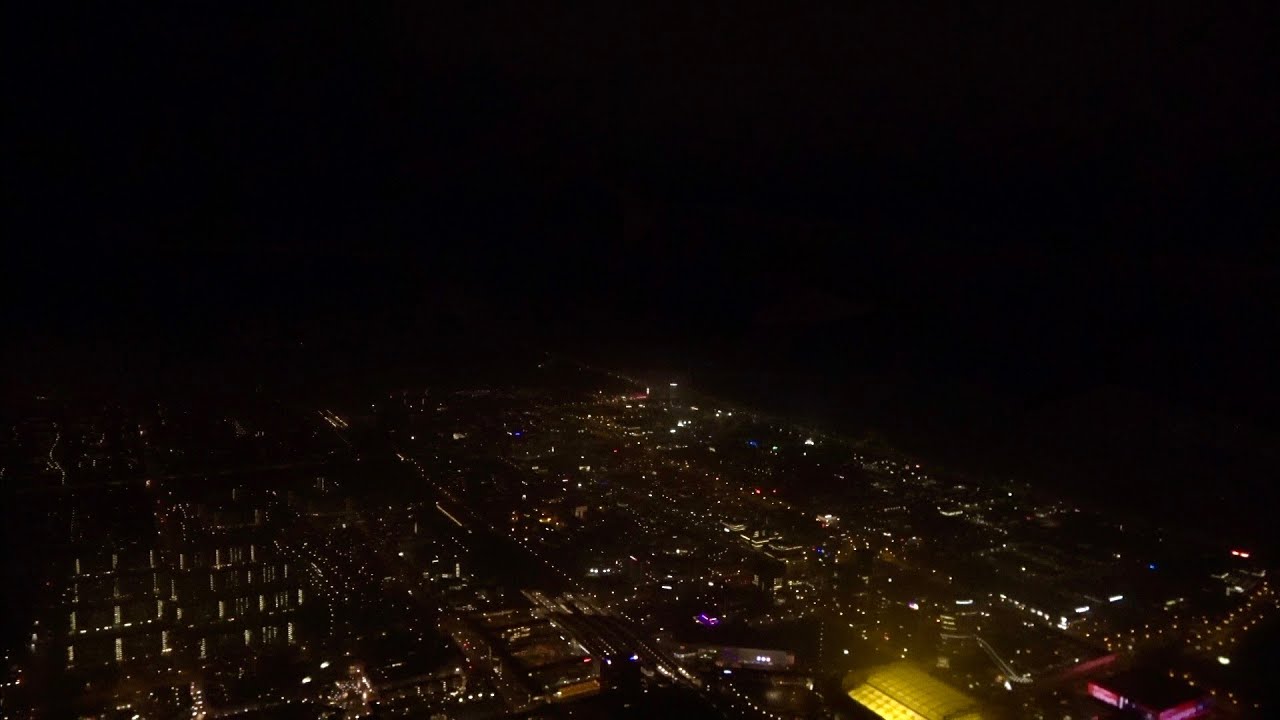 [4K] Stunning Night landing at Amsterdam Airport Schiphol | easyJet A320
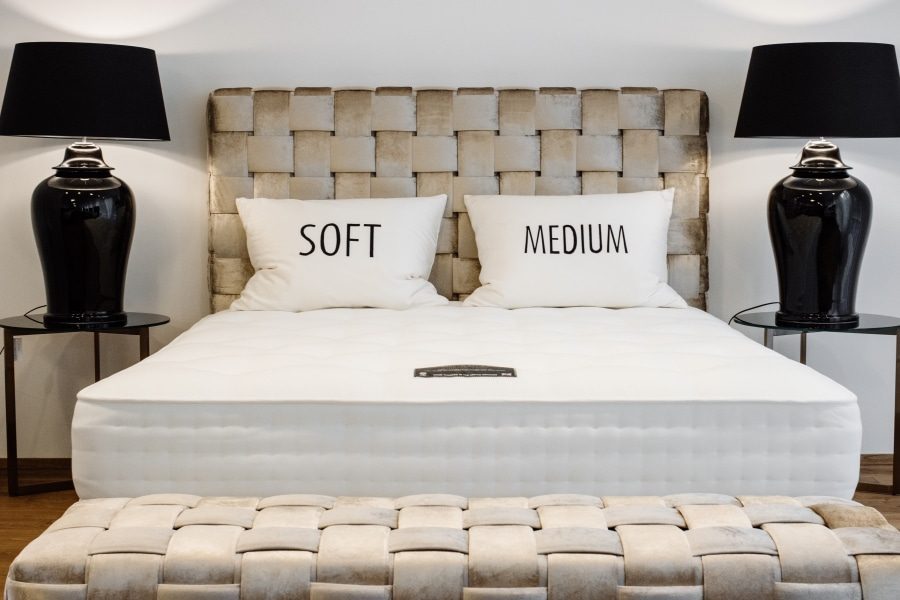 COCOON Luxusbetten – Boxspringbetten und Matratzen im Showroom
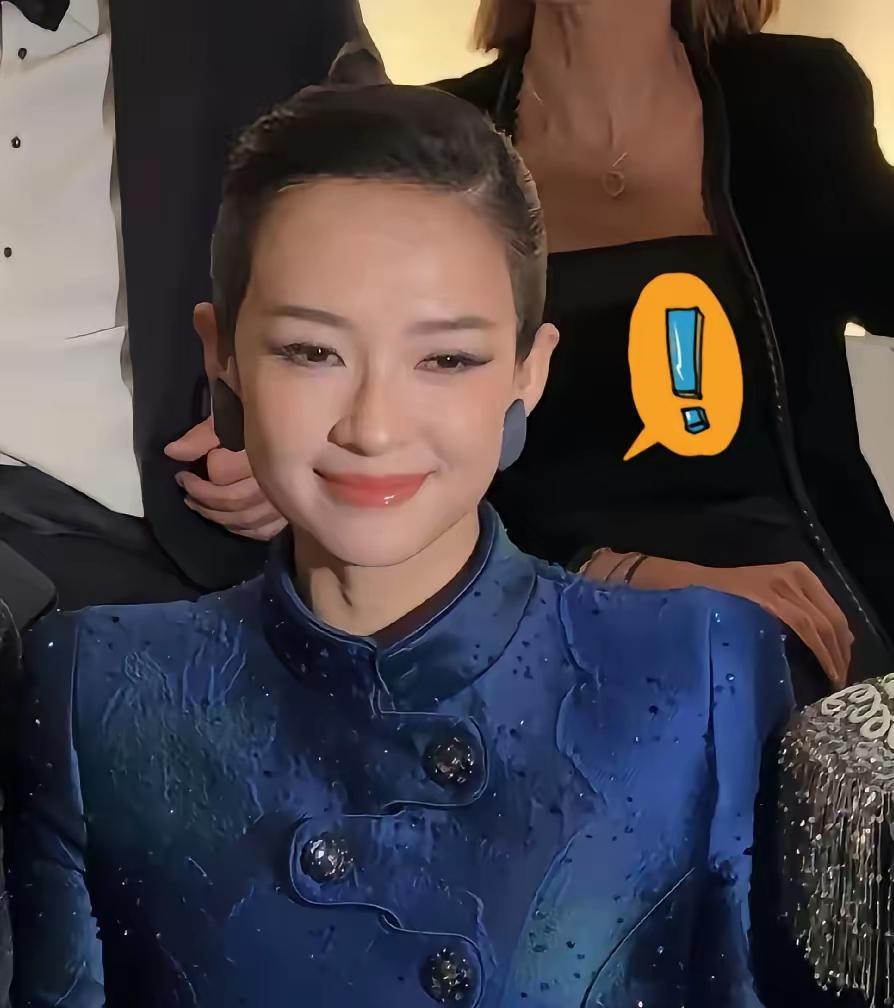 美出高级感的女人，还是那么妩媚动人，风韵犹存，不愧是第一气质美女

EXERCISE DESCRIPTION =
All of the data above should be printed again exactly, though none of the pictures belong in the copy.

RESPONSE TO THE TASK =
 [4K] Stunning Night landing at Amsterdam Airport Schiphol | easyJet A320
 COCOON Luxusbetten – Boxspringbetten und Matratzen im Showroom
 美出高级感的女人，还是那么妩媚动人，风韵犹存，不愧是第一气质美女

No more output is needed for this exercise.